BEGIN
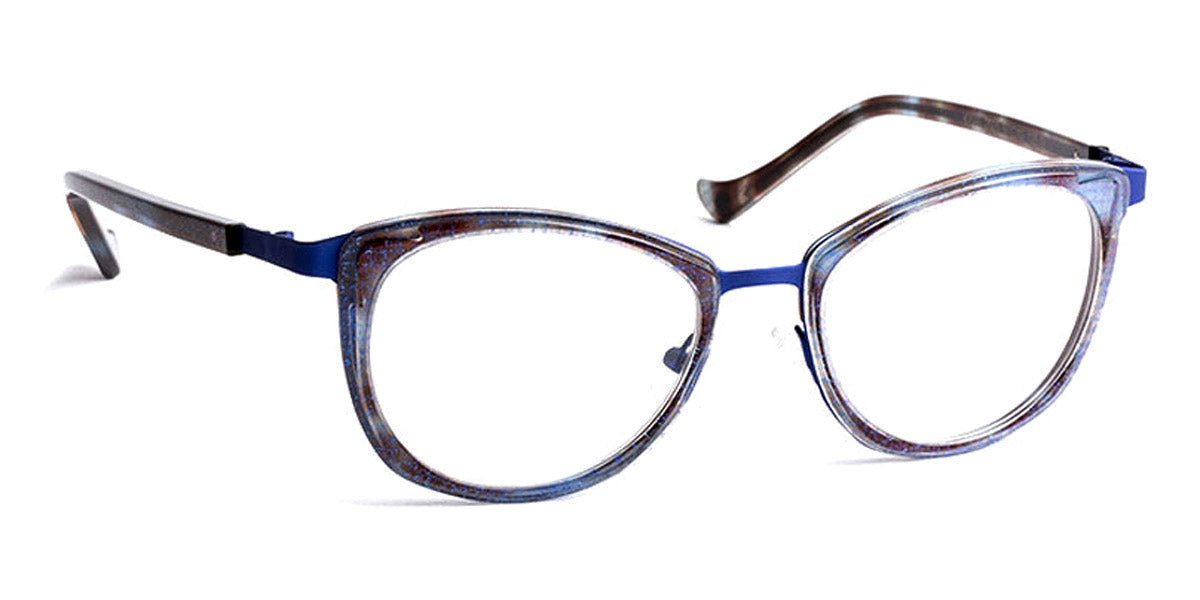 J.F. Rey® Kwai JR Kwai 2025 51 - 2025 Blue Demi Spangles/Blue Eyeglasses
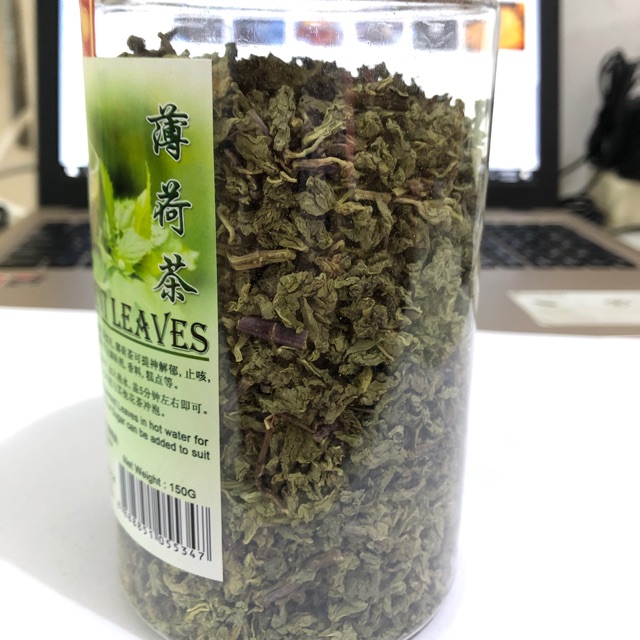 

Peppermint leaves tea dalam toples 150gr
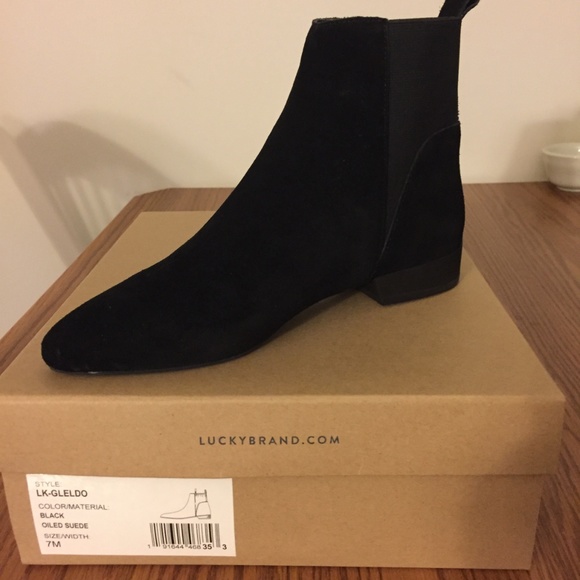 Lucky Brand booties - Picture 2 of 6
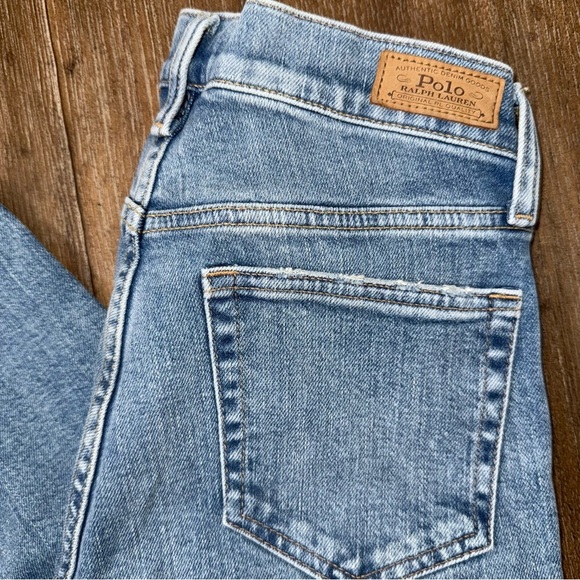 Polo Ralph Lauren The Tompkins Skinny Jean No. 25 NWOT - Picture 5 of 12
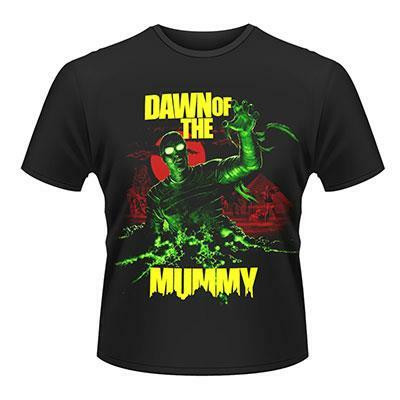 DAWN OF THE MUMMY T-shirt
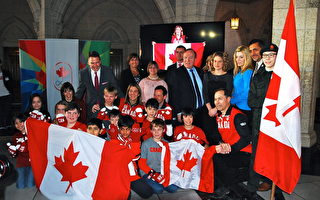 冬奥会加拿大旗手：我们代表最好的国家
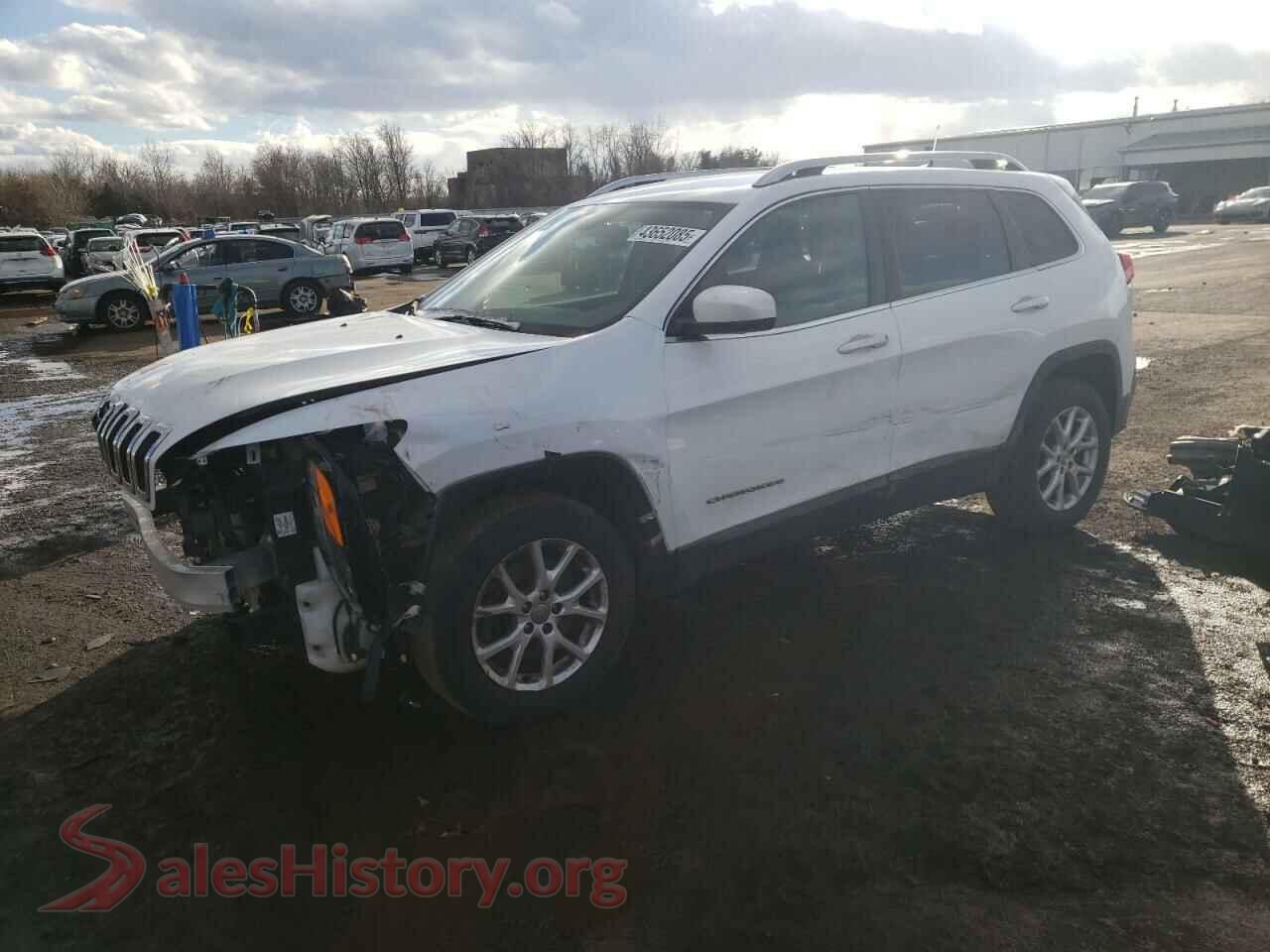 2016 JEEP GRAND CHER — VIN 1C4PJMCB9GW183082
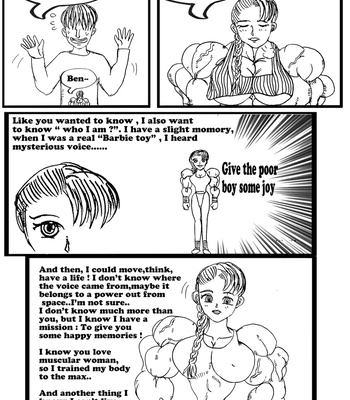 My Barbie comic porn sex 22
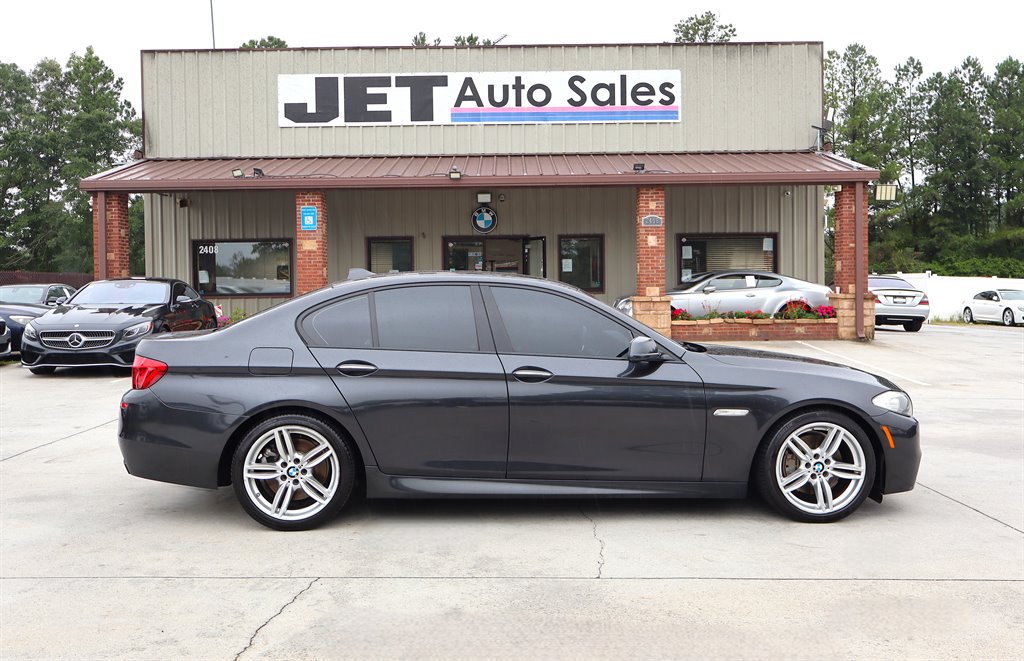 2013 BMW 550i - $9,995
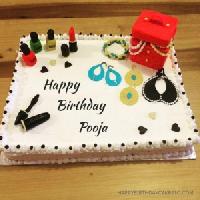 happy birthday pooja image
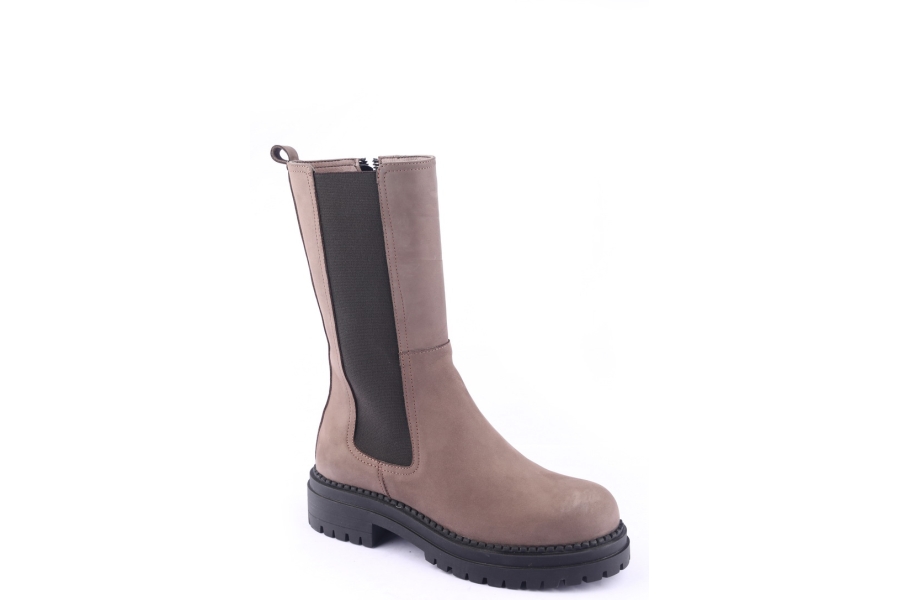 D.moro Shoes Women Nubuck Leather BOOTS For Winter: 476B Powder (Wholesale)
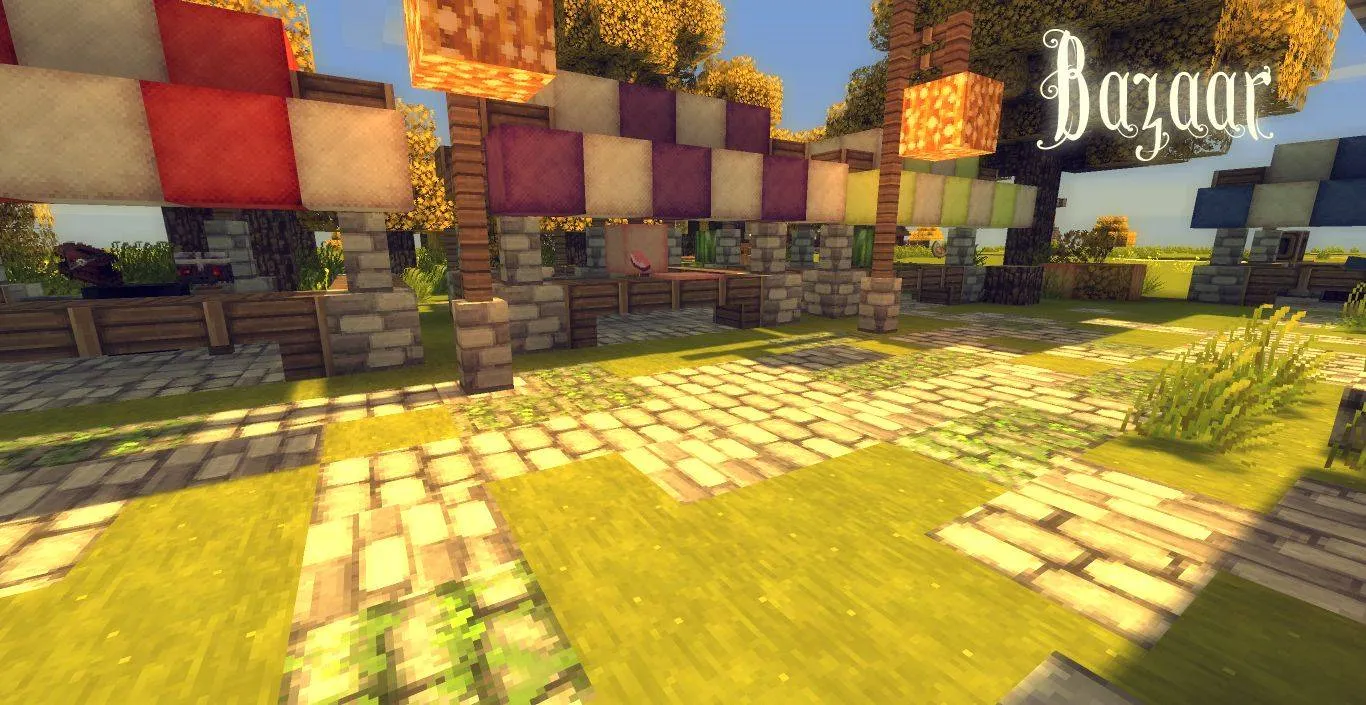 SummerFields — скриншот 16 (Текстуры, Minecraft)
END
> [Work order]
Please transcribe, word for word, every line from the one containing "Peppermint leaves tea dalam toples 150gr" through the last line of the records, both included, and leave the pictures out.

> [Exercise answer]
Peppermint leaves tea dalam toples 150gr
 Lucky Brand booties - Picture 2 of 6
 Polo Ralph Lauren The Tompkins Skinny Jean No. 25 NWOT - Picture 5 of 12
 DAWN OF THE MUMMY T-shirt
 冬奥会加拿大旗手：我们代表最好的国家
 2016 JEEP GRAND CHER — VIN 1C4PJMCB9GW183082
 My Barbie comic porn sex 22
 2013 BMW 550i - $9,995
 happy birthday pooja image
 D.moro Shoes Women Nubuck Leather BOOTS For Winter: 476B Powder (Wholesale)
 SummerFields — скриншот 16 (Текстуры, Minecraft)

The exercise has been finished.